If You Still Think That Success Online Is About Building “The Best Darn Site,” read this

Am I the only one who thinks that startups spend too much time geeking out about code and development, but not enough time getting passionate about marketing?

If you want to get passionate about the power of clever marketing, download the program I recorded with Matthew Inman. He’s a smart developer and designer who built the dating site Mingle2 in only 66.5 hours. That’s a stunning accomplishment, but I think it would be meaningless if he didn’t market it.

Matthew Inman

Matthew Inman

Mingle2

Matthew Inman is a developer and designer who built a full-featured dating website called Mingle2 in 66.5 hours.

A few lessons from this program

Want to see one way Matthew marketed his site? Read this edited excerpt.

Andrew: How did quizzes help you build Mingle2?

Matthew: I created a quiz called “How Geek Are You?” If you answered a couple of questions, it would tell you, on a 100% scale, how geeky you were. It asked questions like, “Do you read sci-fi ” or “Do you play video games?” or “Do you code?”

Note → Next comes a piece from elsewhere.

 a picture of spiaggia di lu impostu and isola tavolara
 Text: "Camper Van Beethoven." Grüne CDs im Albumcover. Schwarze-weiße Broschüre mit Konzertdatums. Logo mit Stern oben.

The whole trick of it was, when you were done with the quiz, it would tell you, “You are 60% geek,” or “You are 10% geek.” And it would give you a badge. And a badge is just an image, basically. And I would give you a code so you could embed that badge on our blog.

When people embed that on their blogs, it also said, “created by Mingle2 – Free Online Dating” underneath it. So I was able to build tens of thousands of links every month with the exact anchor text I wanted to my home page.

What kind of quizzes do well?

The best quiz I ever created was called “How many 5-year-olds could you take in a fight?”

Any quiz that appeals to a user’s sense of ability–like: what can they do, how smart are they, how fast are they, or how strong are they–those are the quizzes that do the best.

“What X are you?” quizzes–like what X-Men are you, or what Lost character are you–those never go anywhere. I wouldn’t bother with them. They’re just kind of over-done. Ability quizzes are where it’s at.

(See more of Matthew’s work here.)

How would that help you with Google?

We picked a keyword that we knew people were searching for, that would result in signups. And we would point all our quiz-bate at that, using the badges. And then we were able to rank #1 in Google usually.

I actually ranked #1 for the keyword “dating,” outranking the Wikipedia entry.